§ Your task
Quote word for word from the line holding "Scatola progetto Eurobox" to the last line below, including both, and omit any pictures.

§ Data extract
=====
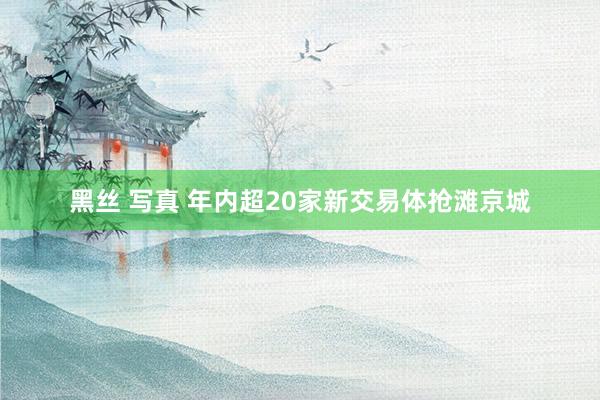 黑丝 写真 年内超20家新交易体抢滩京城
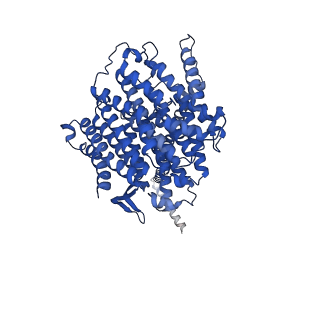 16516_8ca3_L_v1-3
Cryo-EM structure NDUFS4 knockout complex I from Mus musculus heart (Class 2).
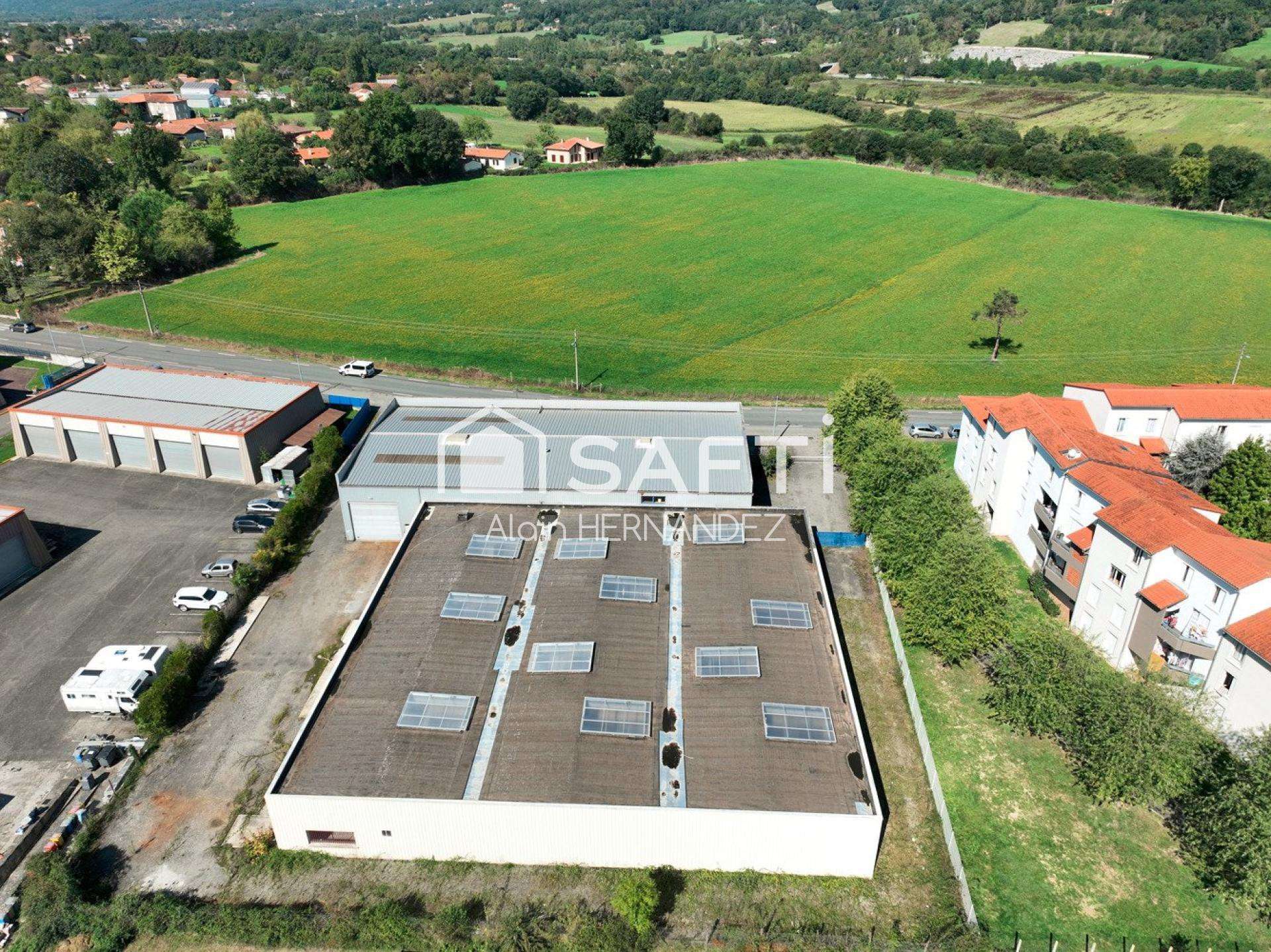 Vente ensemble professionnel 1 360m² Saint-Gaudens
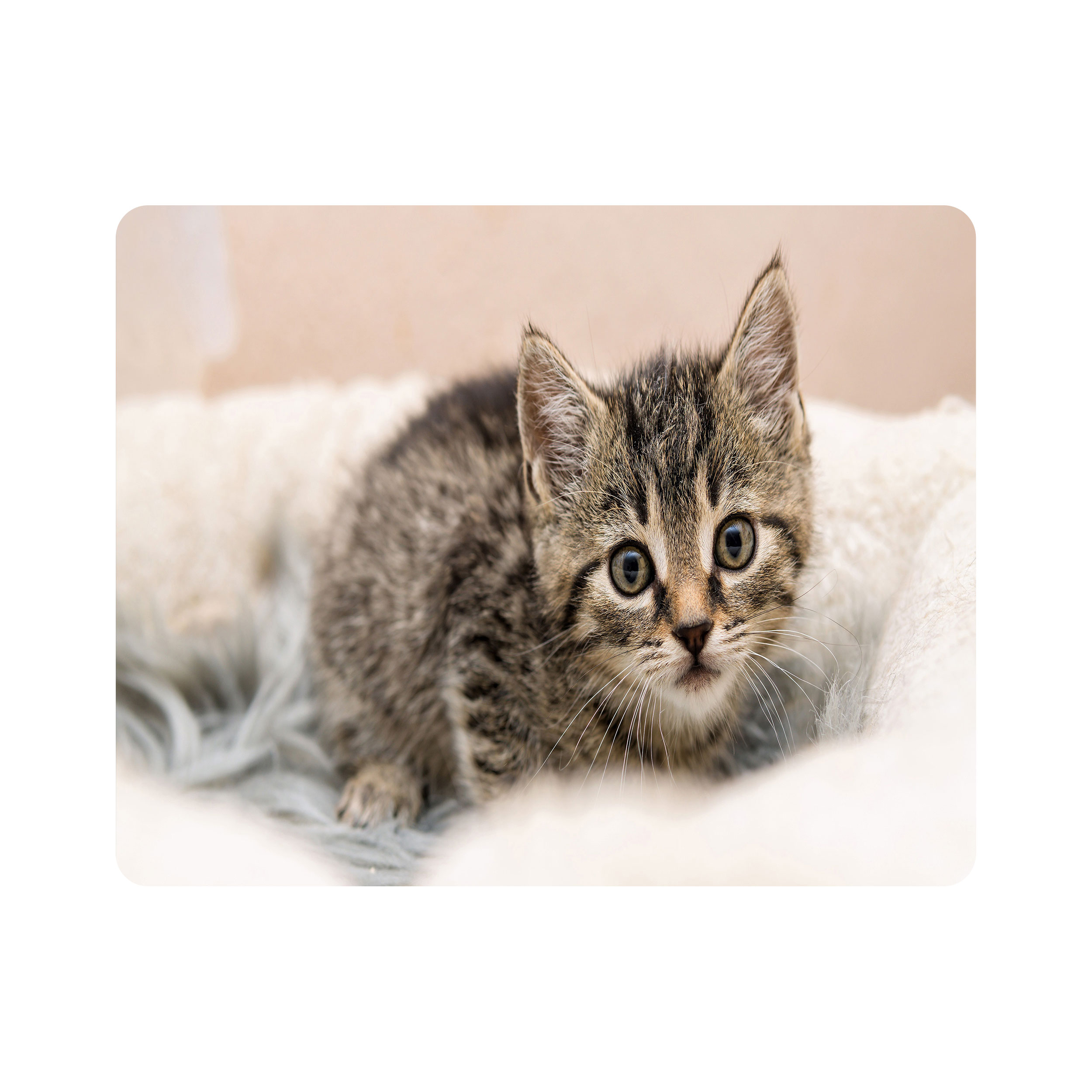 ماوس پد اطلس آبی طرح گربه  مدل T7742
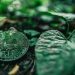 Green Bitcoin Launches on Uniswap DEX April 5, Announces Imminent CEX Listing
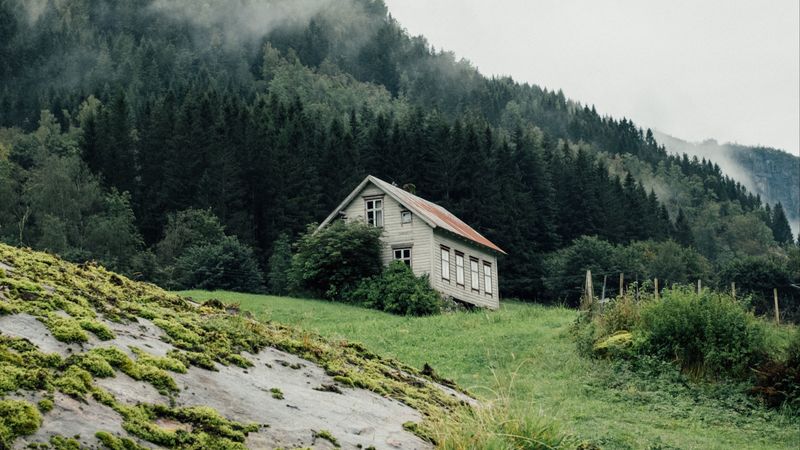 house, forest, nature, trees, greenery, 4k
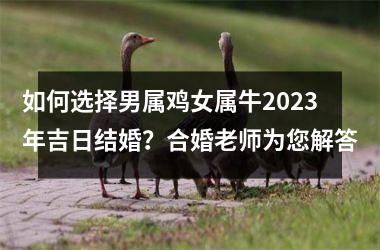 <h3>如何选择男属鸡女属牛2023年吉日结婚？合婚老师为您解答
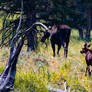 Elusive Moose and Baby Moose
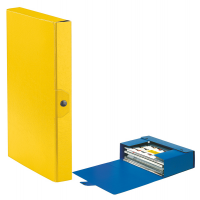 Scatola progetto Eurobox - dorso 4 cm - 25 x 35 cm - giallo - conf. 5 pezzi - Esselte - 390324090 - 8004157324097 - DMwebShop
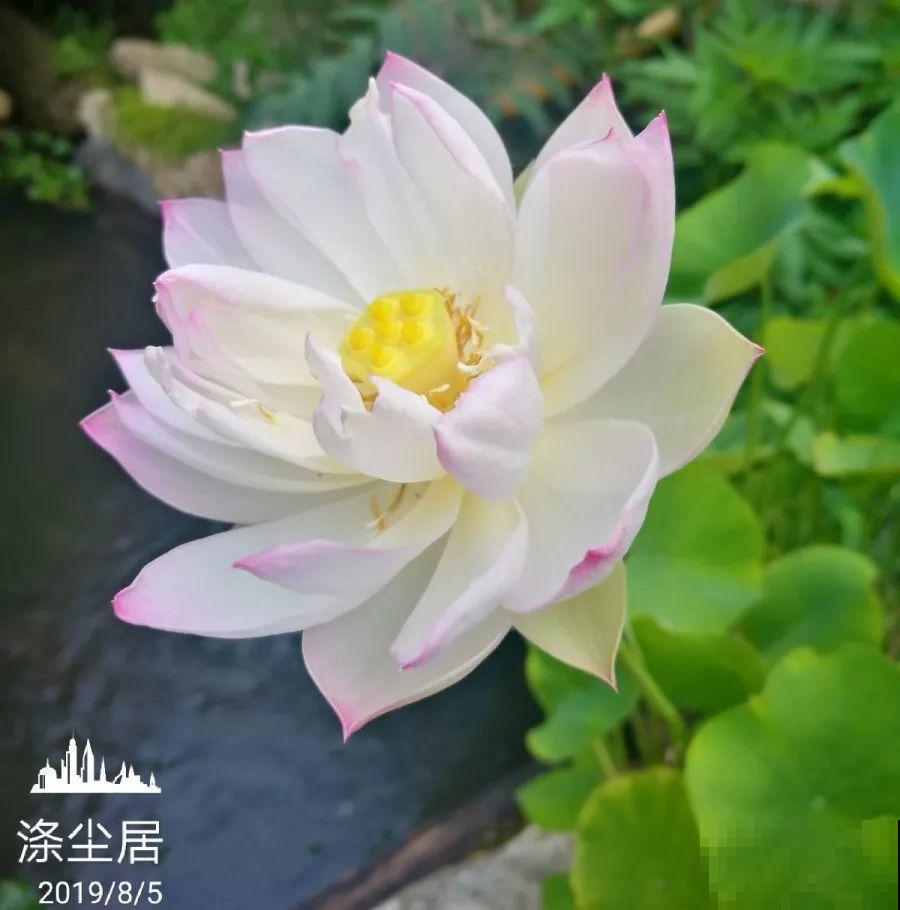 爱养花的人，就想有个小院子，喝茶赏花，过平静的日子！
=====
§ Task response
 Scatola progetto Eurobox - dorso 4 cm - 25 x 35 cm - giallo - conf. 5 pezzi - Esselte - 390324090 - 8004157324097 - DMwebShop
 爱养花的人，就想有个小院子，喝茶赏花，过平静的日子！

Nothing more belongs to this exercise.